Dans le droit fil du colloque organisé à la BnF, en 2013, par Laurence Le
Bras et Emmanuel Guy, dont les actes viennent de paraître aux éditions
de L'Échappée sous le titre :
Lire Debord, ces articles, issus d'une journée
d'étude organisée par François Coadou et Philippe Sabot à l'Université
de Lille, au mois de juin 2016, se proposent en effet de contribuer eux
aussi à ouvrir ce cheval de Troie, à opérer cette lecture de l'œuvre de
Debord au sens fort et toujours profane, ou critique, du mot lecture :
comme une façon de continuer à penser avec, aujourd'hui.
Un biais s'imposait évidemment pour cela : celui de la littérature
et de l'art. Non seulement parce qu'ils furent
in fine ce refuge
qu'on vient d'évoquer, mais parce qu'ils indiquent aussi et surtout une
provenance, et permettent de comprendre d'autant mieux le cœur
du projet debordien pour ce qu'il est.

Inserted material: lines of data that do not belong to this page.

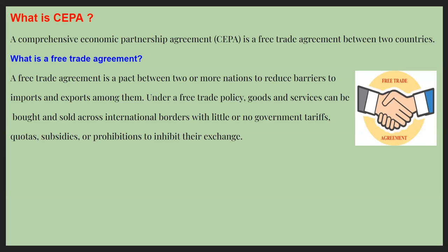CEPA means Comprehensive Economic Partnership Agreement, which is a free trade agreement between two countries. A free trade agreement is an agreement between two or more nations to reduce barriers to import and export among them. Under a free trade policy, goods and services can be bought and sold across international borders with less or no government tariff. Tariff means tax, quotas, subsidies, or prohibition to inhibit their exchange.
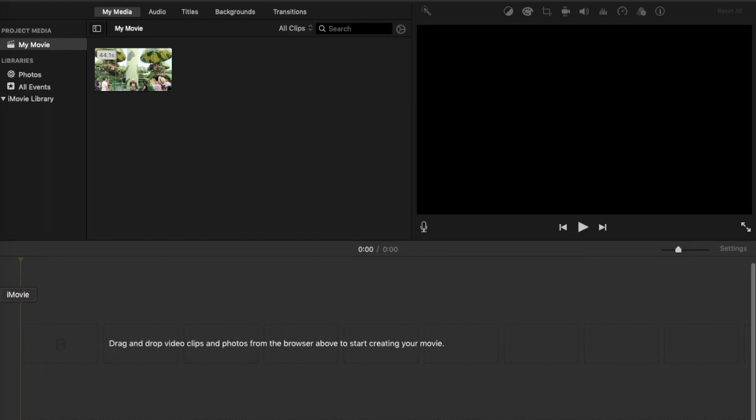Hey everyone, welcome back to our channel. In today's video I will show you how I edit my YouTube videos. For my editing tool I use iMovie, and currently on the screen I'm showing you the iMovie application.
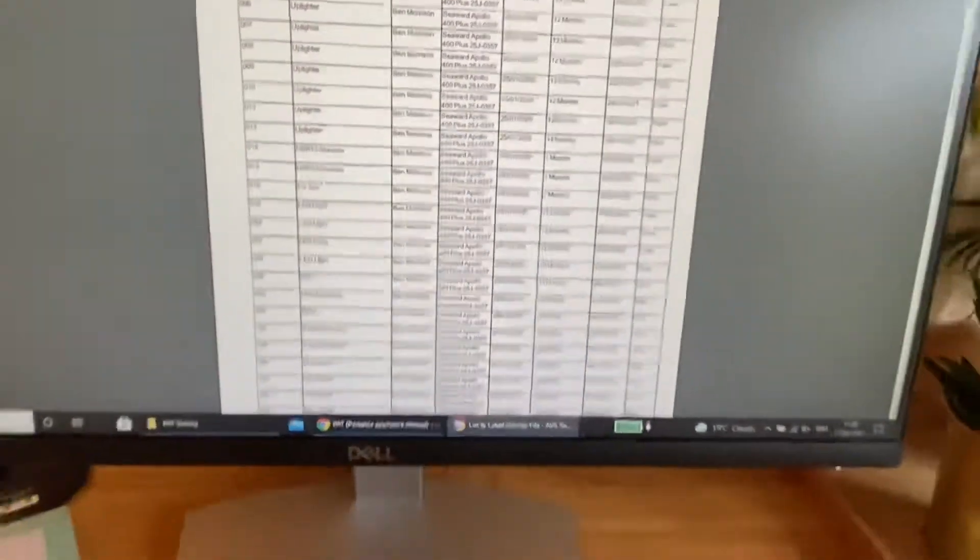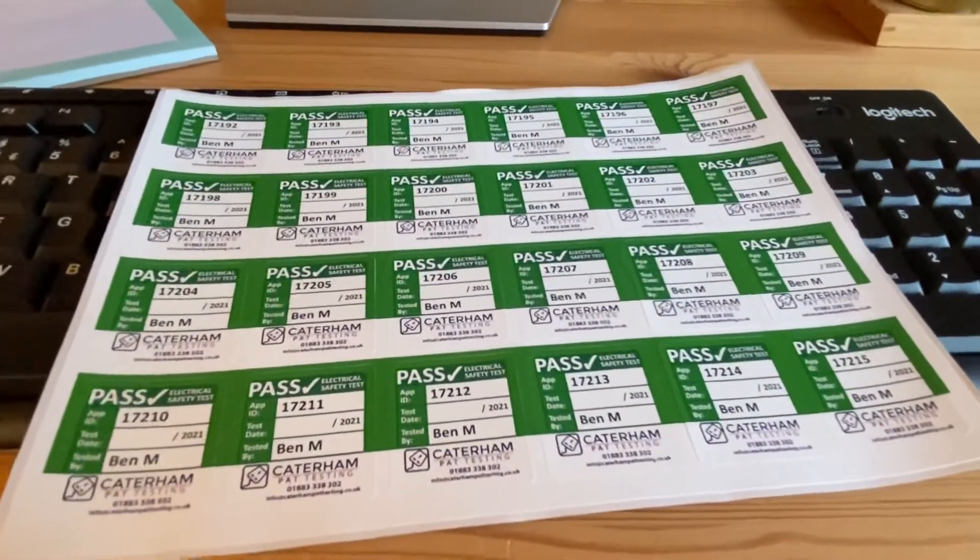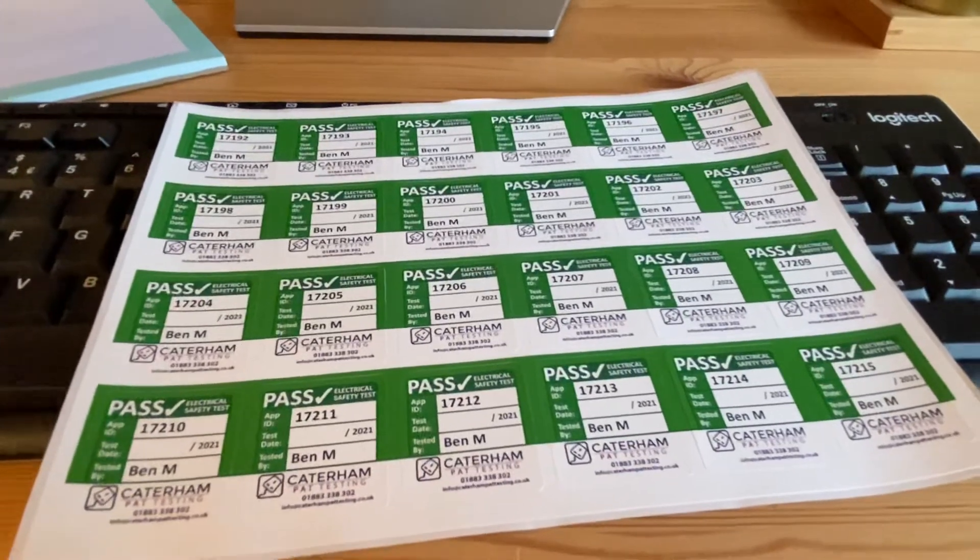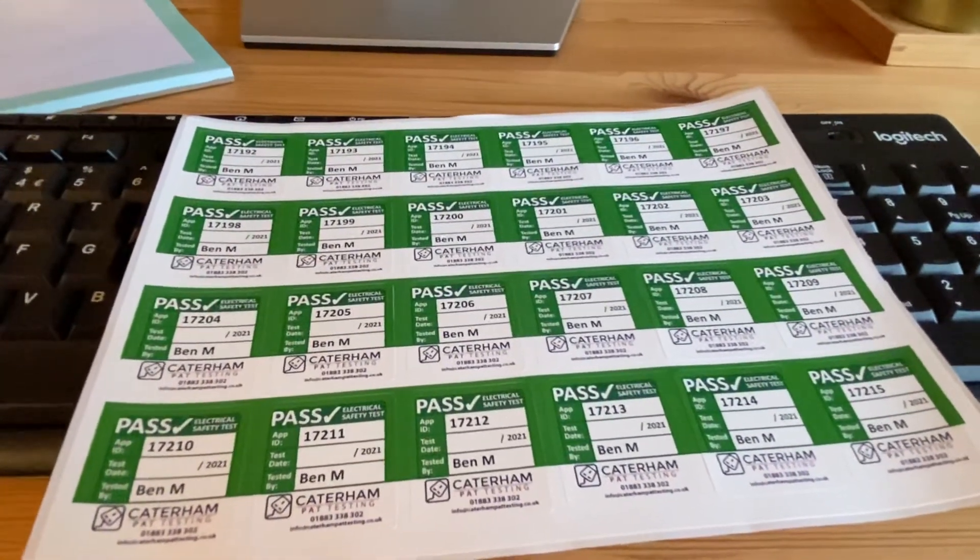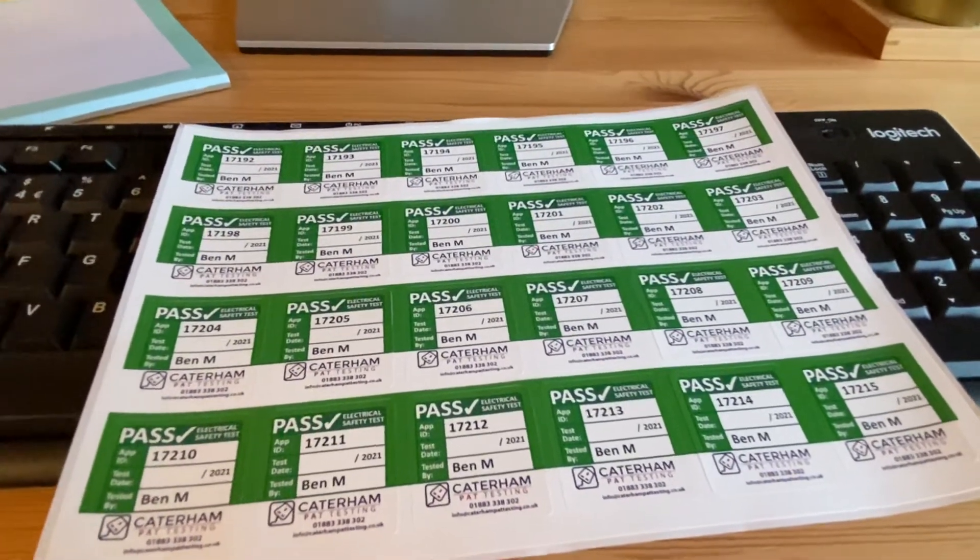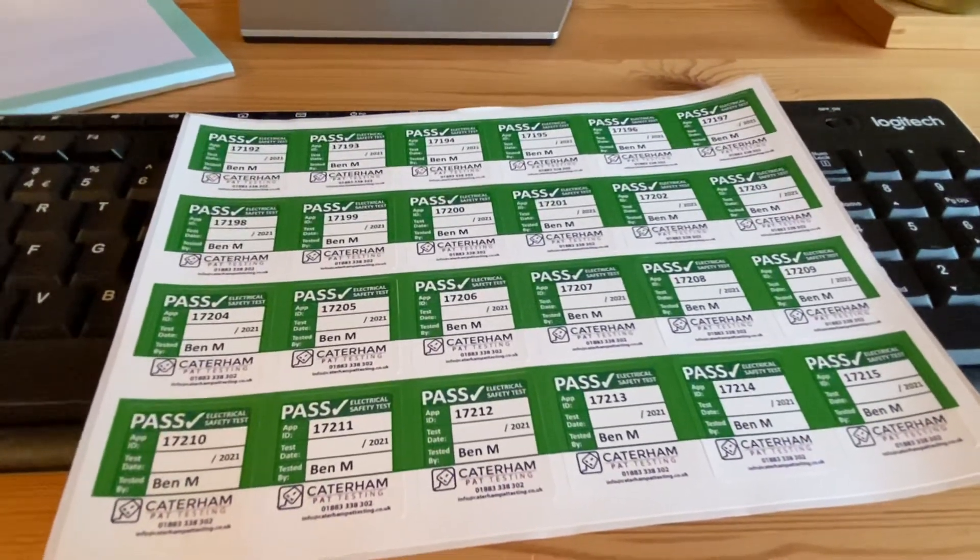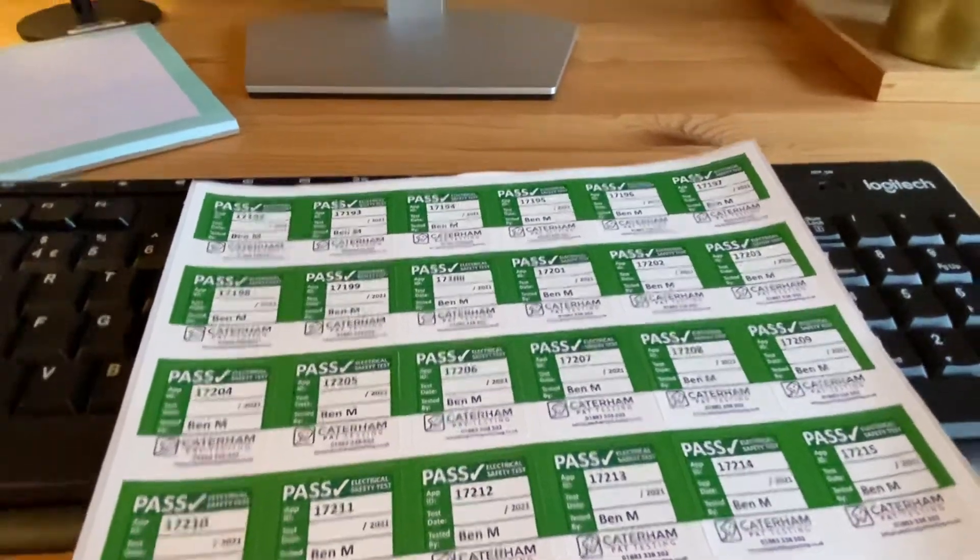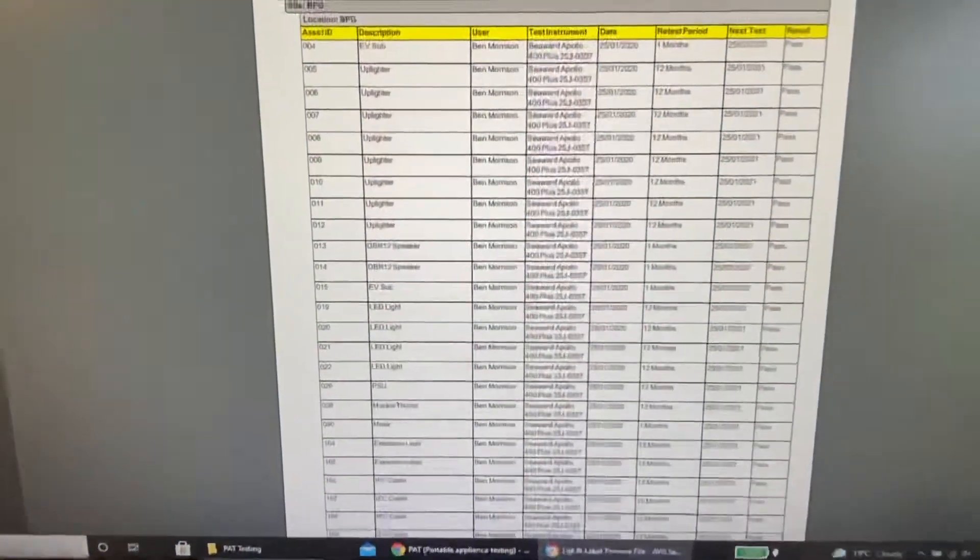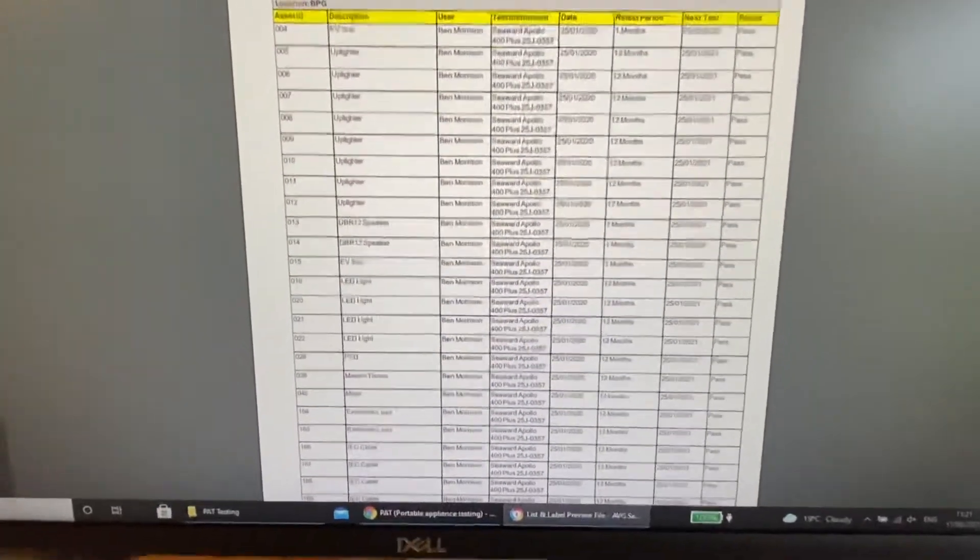So just important to say on your labels, your labels should only be giving the date it was tested and not a retest date. There's still some labels out there, they're called fourth edition labels, sorry third edition labels, where they have the retest date. But there is no requirement now. There's no need to put a retest date on the items because lots of different items have lots of different retest dates. So that's the concise list that we do here.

Dans cette perspective,
Vanessa Theodoropoulou rappelle avec à propos à quels courants dans l'art
de la première moitié du xxe siècle il convient de rattacher l'œuvre
de Debord, et quelle position il prit vis-à-vis de ce qui lui paraissait,
dans la seconde moitié du siècle, en être la trahison. Quant aux articles
de Philippe Sabot, Pierre Macherey et François Coadou, qui ouvrent
ce recueil, il reviennent tour à tour sur trois concepts ou expériences
fondamentaux dans cette tentative chez Debord d'envisager l'art et la
littérature autrement, comme mode d'existence : ceux de situation, de
dérive et de détournement. Les confrontant tantôt à des sources extérieures
(Jean-Paul Sartre ou Paul Nougé), tantôt les uns avec les autres
pour en montrer l'interdépendance, le système, ils s'attachent — au
rebours de leur devenir formules — à en examiner aussi le détail, c'està-
dire les variations, les tensions, à en interroger l'intérêt voire les éventuelles
limites. Certains textes, sans doute, insisteront plus sur ce qui
fait celles-ci à leurs yeux, que n'y insisteront d'autres. On chercherait en
vain ici une unanimité qui aurait d'ailleurs quelque chose de louche, ou
de « spectaculaire » : conformément au projet qui les réunit, on trouvera
entre ces différents textes le jeu libre des points de vue à quoi invite
l'œuvre de Debord dans sa complexité, et qui est en même temps le fruit
de cette exigence de lecture comme appropriation, ou réappropriation,
qui la prend enfin au sérieux dans l'effort qu'elle fut — et qu'elle peut
continuer d'alimenter, comme matériau — pour penser et pour vivre.